Impairment losses are reversed when there is evidence that the reasons giving rise to the original impairment have ceased to apply. Impairment losses are reversed through profit and loss but only to the extent that the reversal does not increase the carrying amount of the asset to the amount which would have been stated, net of depreciation, had no impairment loss been recognised.
Inventories are measured at the lower of cost and estimated selling price less costs to complete and sell. Cost is determined using the first-in, first-out (FIFO) method. The cost of finished goods and work in progress comprises direct materials and, where applicable, direct labour costs and those overheads that have been incurred in bringing the inventories to their present location and condition. At each reporting date, inventories are assessed for impairment. If an item of inventory is impaired, the carrying amount is reduced to its selling price less costs to complete and sell, and the impairment loss is recognised immediately in the income statement. When inventories are sold, the carrying amount is recognised as an expense in the period in which the related revenue is recognised.
For long-term contracts where the company provides services or bespoke goods, work in progress is recognised as a contract asset. These are measured by reference to the stage of completion of the contract activity at the reporting date, based on the progress made towards the complete satisfaction of the performance obligations.

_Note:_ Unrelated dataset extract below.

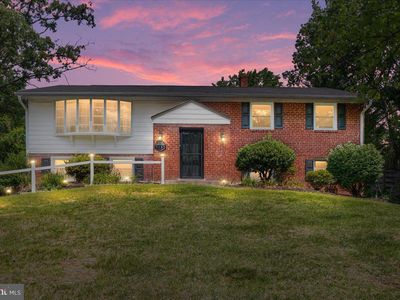 3132 Christine Dr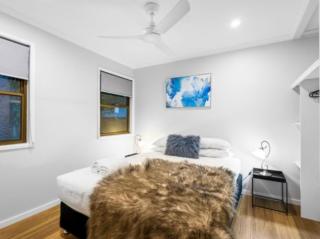 Koala Cabins Sunshine Coast - 9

Short term debtors are measured at transaction price (which is usually the invoice price), less any impairment losses for bad and doubtful debts. Loans and other financial assets are initially recognised at transaction price including any transaction costs and subsequently measured at amortised cost determined using the effective interest method, less any impairment losses for bad and doubtful debts.
Short term creditors are measured at transaction price (which is usually the invoice price). Loans and other financial liabilities are initially recognised at transaction price net of any transaction costs and subsequently measured at amortised cost determined using the effective interest method.
A related party is a person or entity that is related to the company. This includes individuals with control or significant influence, members of key management personnel, and entities within the same group. All transactions with related parties are disclosed in the notes to the financial statements. Disclosure includes the nature of the related party relationship, the amount of the transactions, and any outstanding balances and commitments at the reporting date. As permitted by FRS 102, disclosure is not required of transactions entered into between two or more members of a group, provided that any subsidiary which is a party to the transaction is wholly owned by such a member.